Интересно знать, действительно ли все исчерпывается десятью заповедями, как люди добрые думают, и не стоит ли всех их вместе взятых одиннадцатая заповедь, призывающая «возлюбить друг друга» самой обычной, человеческой, деятельной любовью. Не могут ли десять заповедей уместиться где-нибудь в уголке этой одиннадцатой? Порой, поддаваясь анархическим настроениям, мы склонны бываем согласиться с Робертом Луисом Стивенсоном в том, что быть дружелюбным и веселым — лучшая религия для повседневной жизни. Мы так озабочены тем, чтобы не убить, не украсть, не пожелать жены ближнего своего, что нам некогда быть просто справедливыми друг к другу в то краткое время, пока мы пребываем вместе в этом мире. Так ли уж верно, что существующий список добродетелей и пороков — единственно правильный и полный? Обязательно ли доброго, бескорыстного человека считать злодеем только за то, что ему не всегда удается подавить свои природные инстинкты? А человека с черствым сердцем и мелкой душонкой обязательно ли считать святым только за то, что у него этих инстинктов нет? Не с ложной ли меркой мы, жалкие обыватели, подходим к оценке наших заблудших братьев и сестер? Мы судим их, как критики судят о книгах, не по их достоинствам, а по их недостаткам. Бедный царь Давид! Как бы отозвалось о нем местное Общество охраны нравственности? А Ноя, исходя из наших представлений, обличали бы со всех трибун общества трезвости, — Хама же занесли бы в список почетных прихожан в награду за то, что он не прикрыл наготу отца своего. А святой Петр! Как повезло ему, что остальные апостолы и их учитель не придерживались таки строгих понятий о добродетели, как мы в наше время.

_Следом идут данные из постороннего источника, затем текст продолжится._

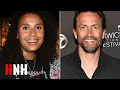 Amy Robach TJ Holmes Invite Exes Marilee Fiebig Andrew Shue to Wedding in Bold Move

Разве не позабыто нами самое значение слова «добродетель»? Прежде оно символизировало доброе начало, заложенное в людях, пусть даже в них коренились и пороки, как плевелы среди пшеницы. Мы упразднили добродетель и заменили ее добродетельками. Не герой — у него слишком много недостатков, — а безупречный прислужник; не человек, творящий добро, а человек, лишь не уличенный ни в одном скверном поступке, — вот наш современный идеал. В соответствии с этими новыми взглядами самым добродетельным существом на свете следует считать устрицу. Она всегда сидит дома и всегда в трезвом состоянии. Она не шумлива. Она не доставляет хлопот полиции. Насколько я помню, она ни разу не нарушила ни одной из десяти заповедей. Она сама никогда ничем не наслаждается и никогда за всю свою жизнь не дала хотя бы мимолетной радости другим.